━━━ DATA LISTING ━━━

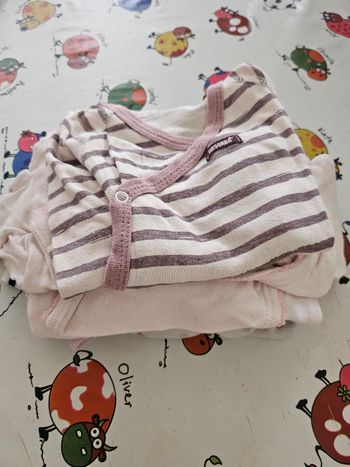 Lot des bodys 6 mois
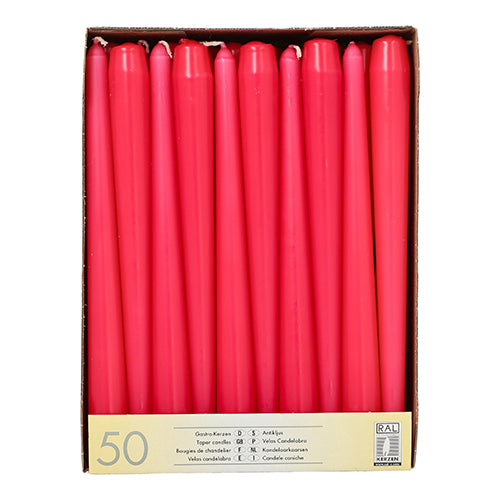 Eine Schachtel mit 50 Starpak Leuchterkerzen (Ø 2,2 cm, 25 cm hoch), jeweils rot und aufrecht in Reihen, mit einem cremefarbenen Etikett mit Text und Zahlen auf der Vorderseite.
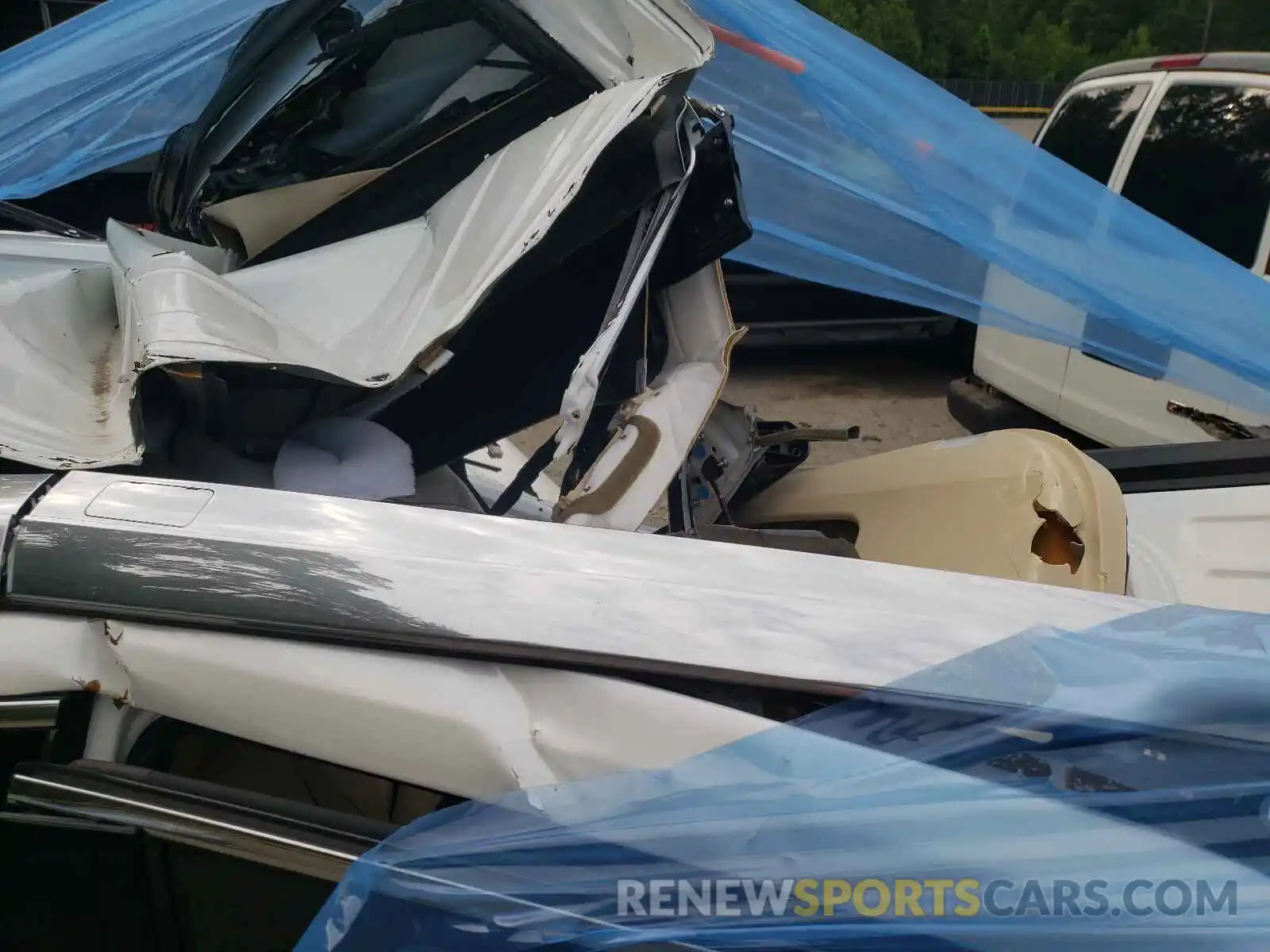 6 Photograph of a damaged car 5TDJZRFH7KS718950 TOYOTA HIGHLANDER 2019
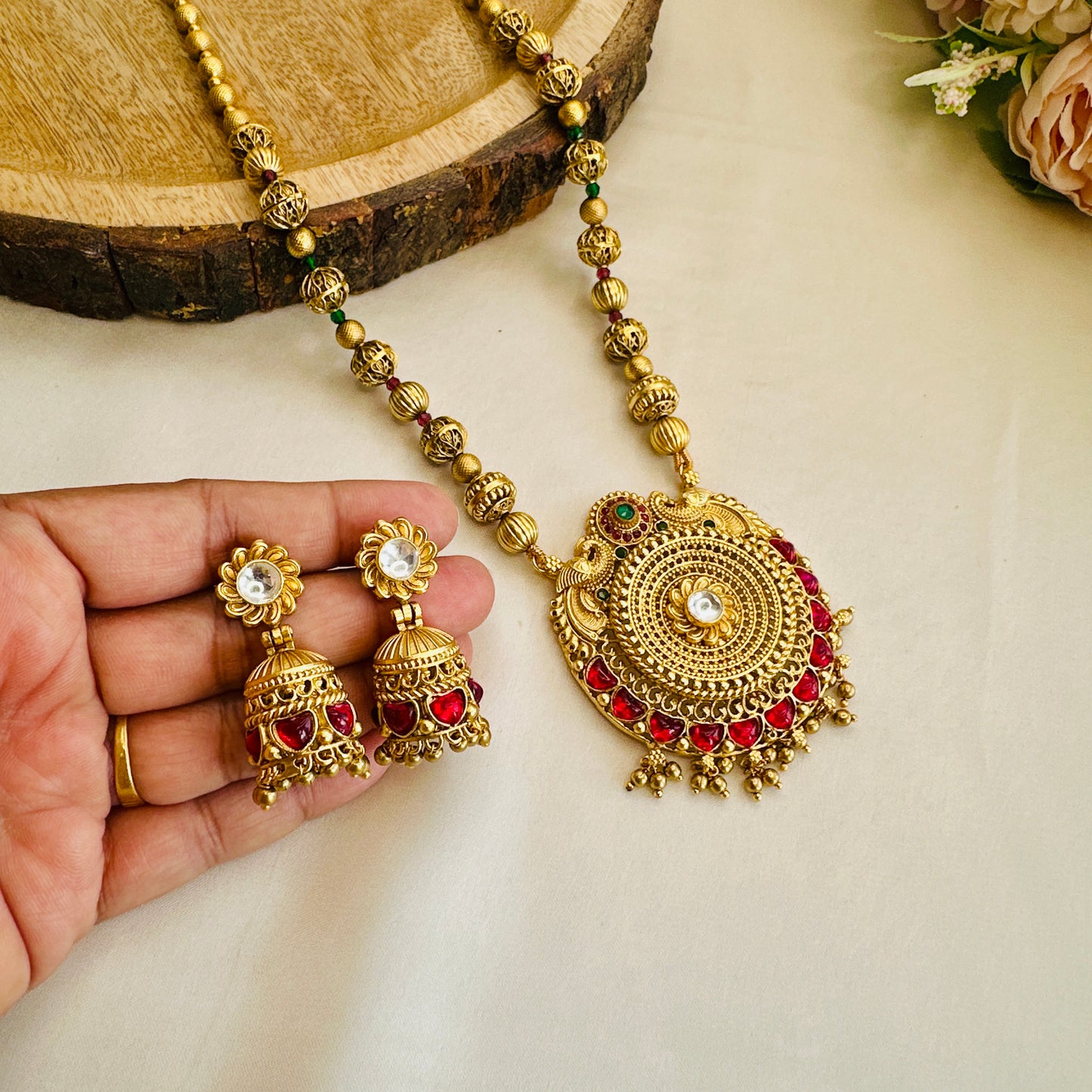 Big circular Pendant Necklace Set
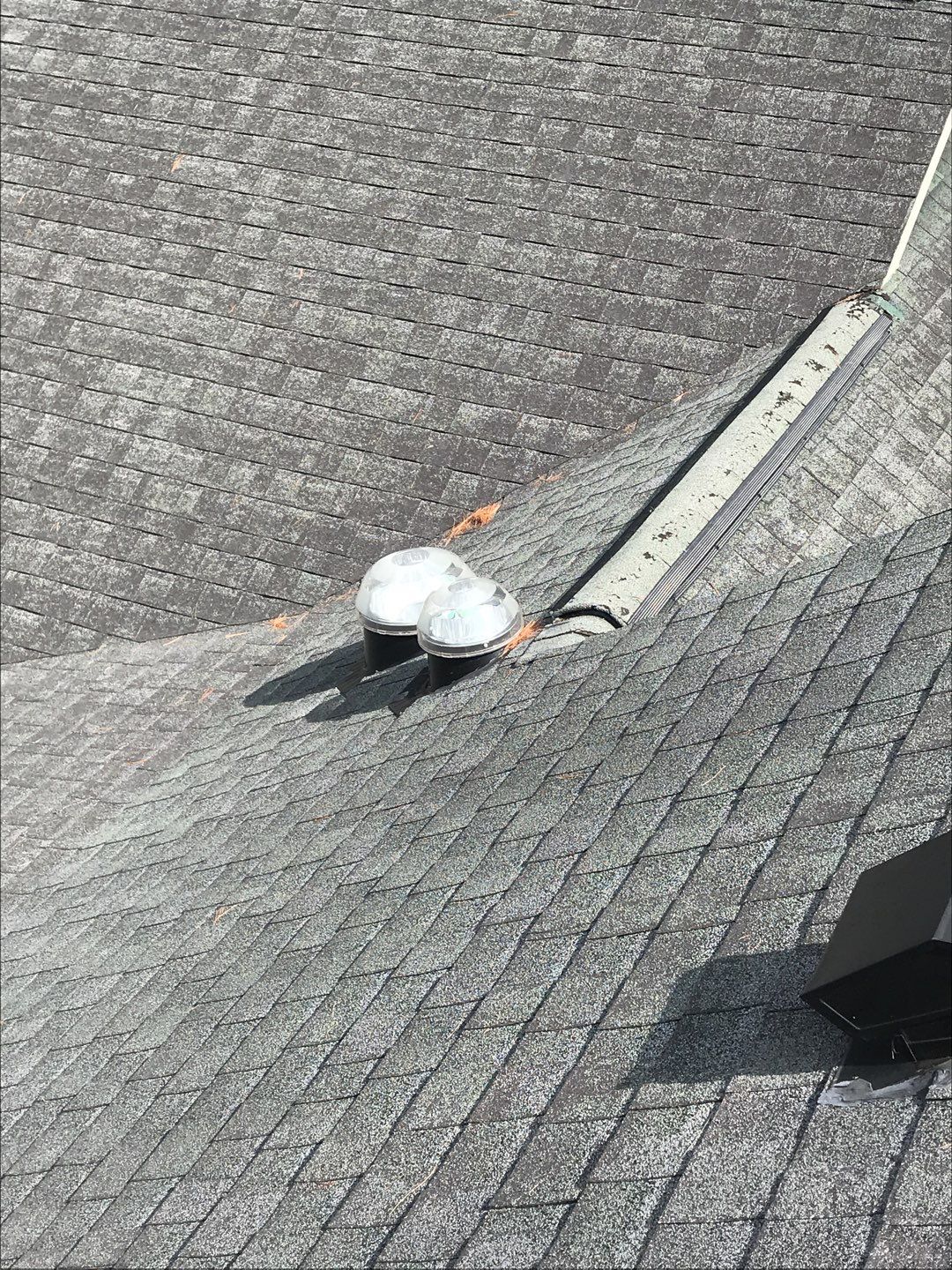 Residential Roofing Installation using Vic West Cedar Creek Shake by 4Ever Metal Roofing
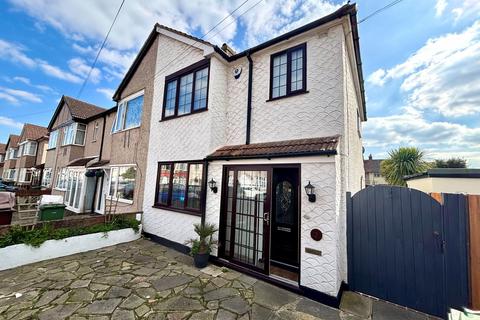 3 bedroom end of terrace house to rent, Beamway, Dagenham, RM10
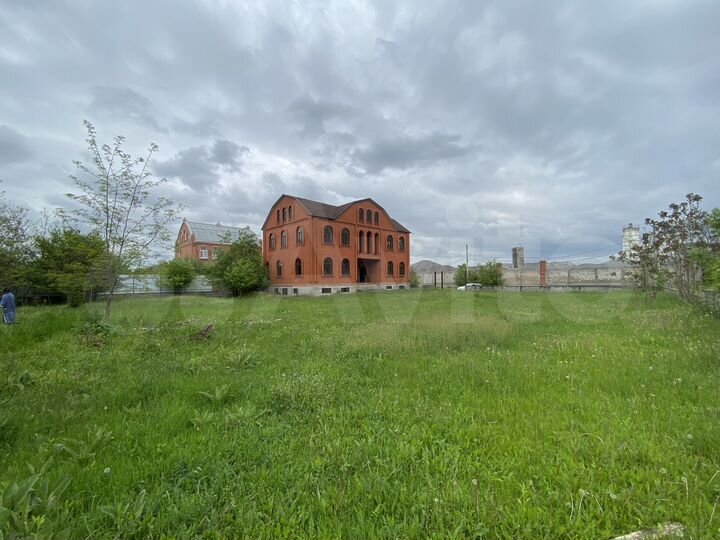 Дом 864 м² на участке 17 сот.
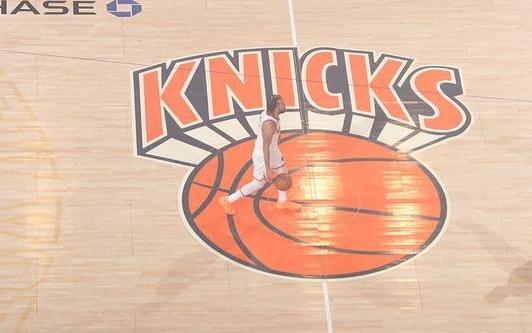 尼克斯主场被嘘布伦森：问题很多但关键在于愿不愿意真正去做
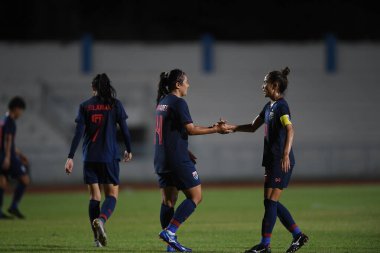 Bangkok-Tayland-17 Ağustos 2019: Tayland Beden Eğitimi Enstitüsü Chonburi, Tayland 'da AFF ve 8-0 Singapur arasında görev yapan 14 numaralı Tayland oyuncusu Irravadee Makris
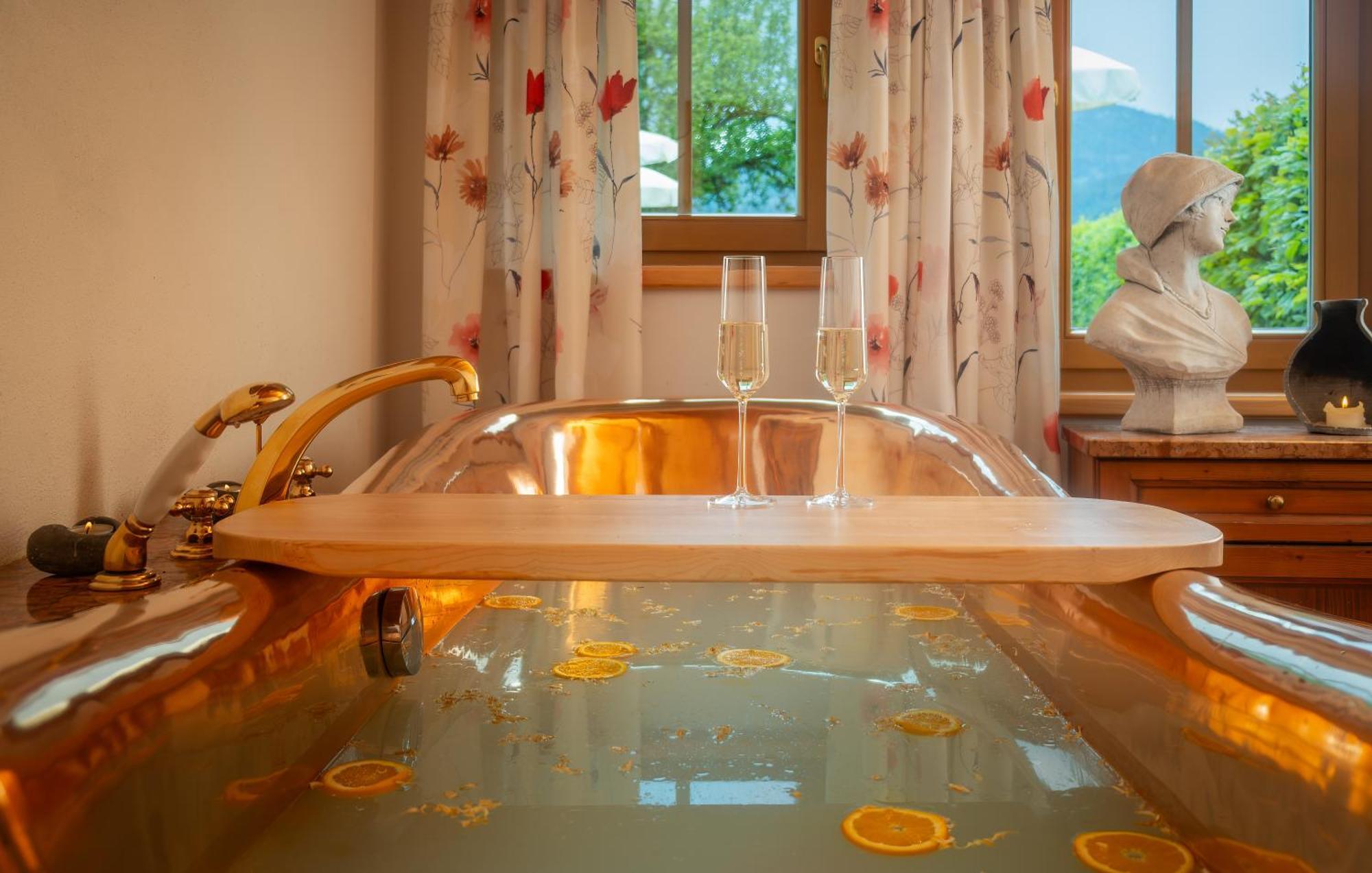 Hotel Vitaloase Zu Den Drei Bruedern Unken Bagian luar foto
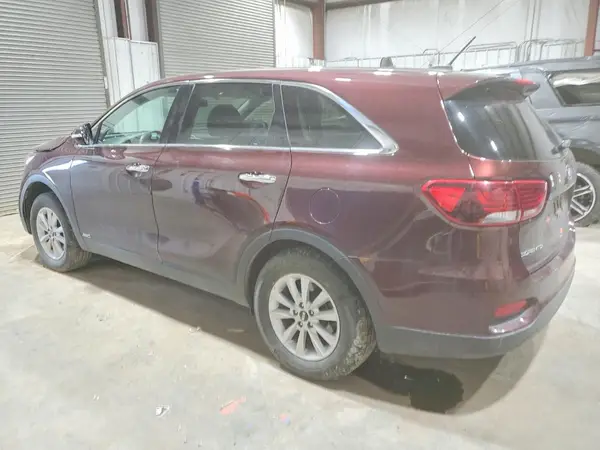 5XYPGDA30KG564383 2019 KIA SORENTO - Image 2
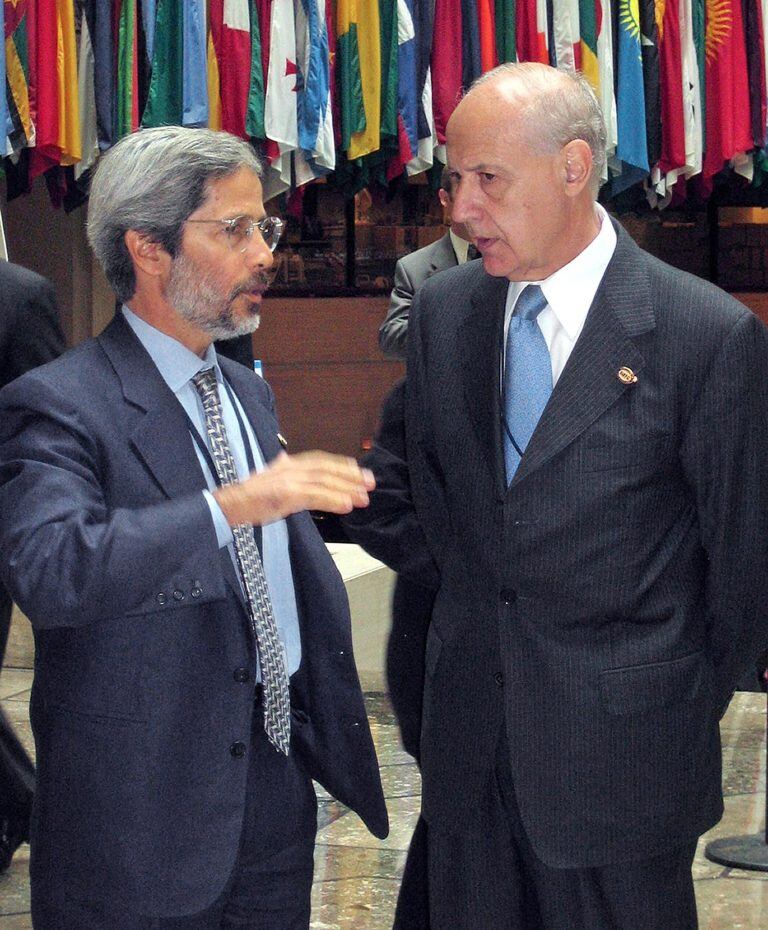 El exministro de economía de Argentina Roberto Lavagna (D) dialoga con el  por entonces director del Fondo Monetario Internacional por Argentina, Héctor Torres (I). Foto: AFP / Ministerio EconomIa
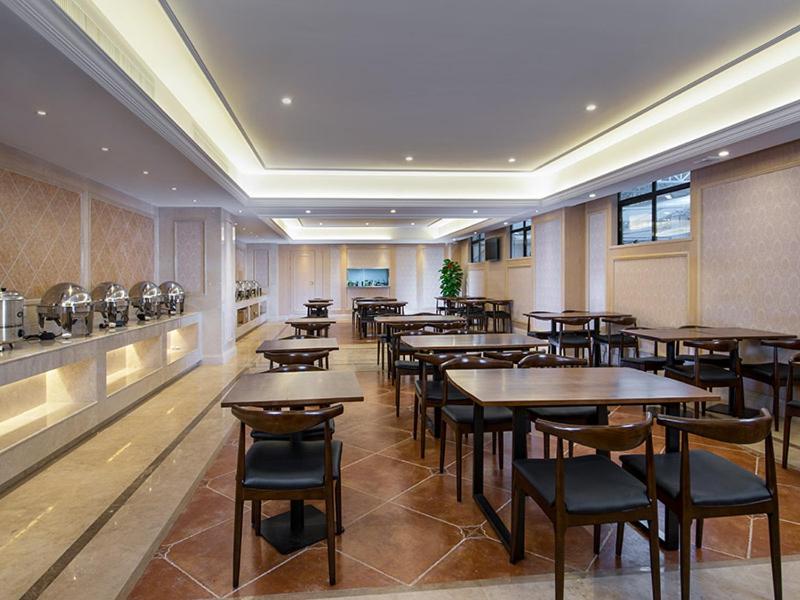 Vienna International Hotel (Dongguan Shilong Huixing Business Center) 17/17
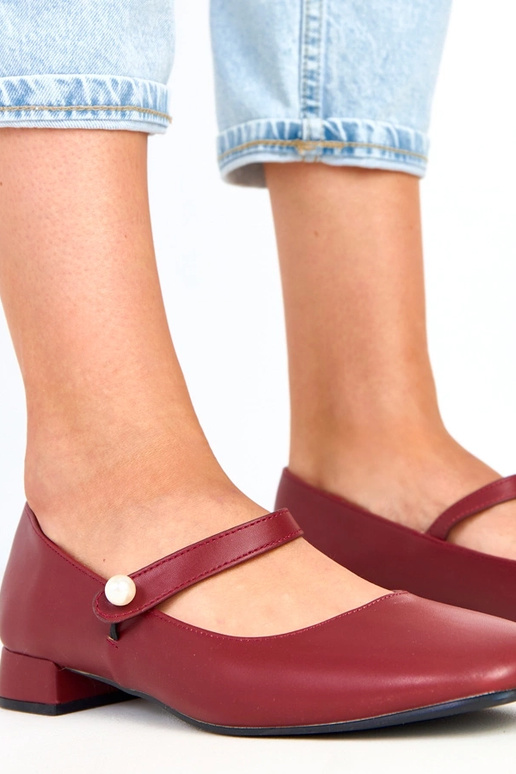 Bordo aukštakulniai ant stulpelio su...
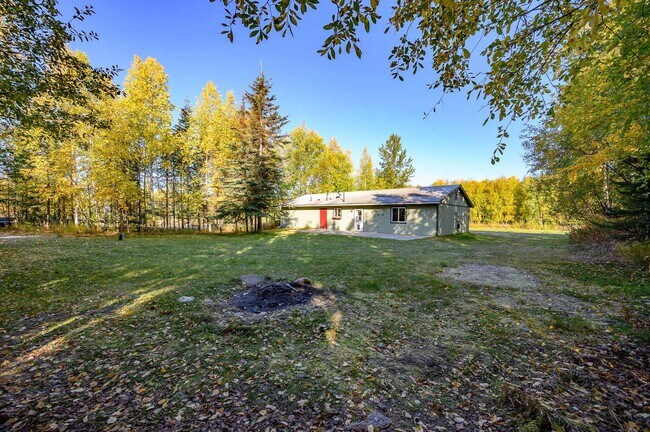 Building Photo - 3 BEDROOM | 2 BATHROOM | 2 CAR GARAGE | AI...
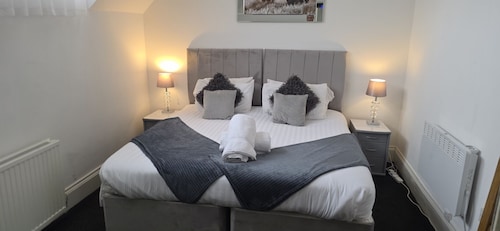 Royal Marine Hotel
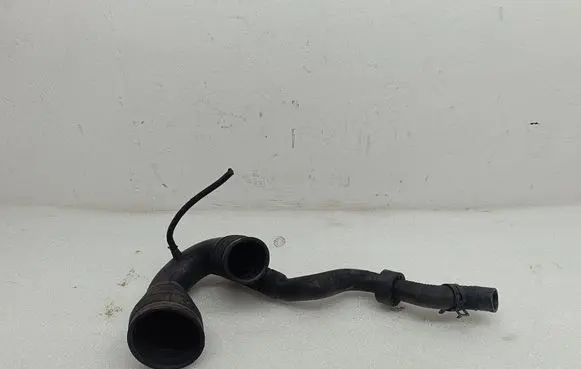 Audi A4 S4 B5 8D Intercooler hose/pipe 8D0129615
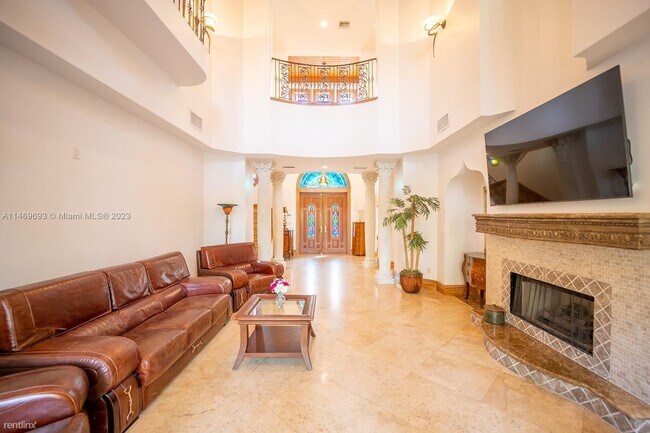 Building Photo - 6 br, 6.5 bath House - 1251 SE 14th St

━━━

■ **ABOUT THIS TASK**
Copy out, with no pictures, the lines from the one containing "Дом 864 м² на участке 17 сот." through the last line of the data above, both ends included and each word unchanged.

■ **OUTPUT FOR THIS TASK**
 Дом 864 м² на участке 17 сот.
 尼克斯主场被嘘布伦森：问题很多但关键在于愿不愿意真正去做
 Bangkok-Tayland-17 Ağustos 2019: Tayland Beden Eğitimi Enstitüsü Chonburi, Tayland 'da AFF ve 8-0 Singapur arasında görev yapan 14 numaralı Tayland oyuncusu Irravadee Makris
 Hotel Vitaloase Zu Den Drei Bruedern Unken Bagian luar foto
 5XYPGDA30KG564383 2019 KIA SORENTO - Image 2
 El exministro de economía de Argentina Roberto Lavagna (D) dialoga con el  por entonces director del Fondo Monetario Internacional por Argentina, Héctor Torres (I). Foto: AFP / Ministerio EconomIa
 Vienna International Hotel (Dongguan Shilong Huixing Business Center) 17/17
 Bordo aukštakulniai ant stulpelio su...
 Building Photo - 3 BEDROOM | 2 BATHROOM | 2 CAR GARAGE | AI...
 Royal Marine Hotel
 Audi A4 S4 B5 8D Intercooler hose/pipe 8D0129615
 Building Photo - 6 br, 6.5 bath House - 1251 SE 14th St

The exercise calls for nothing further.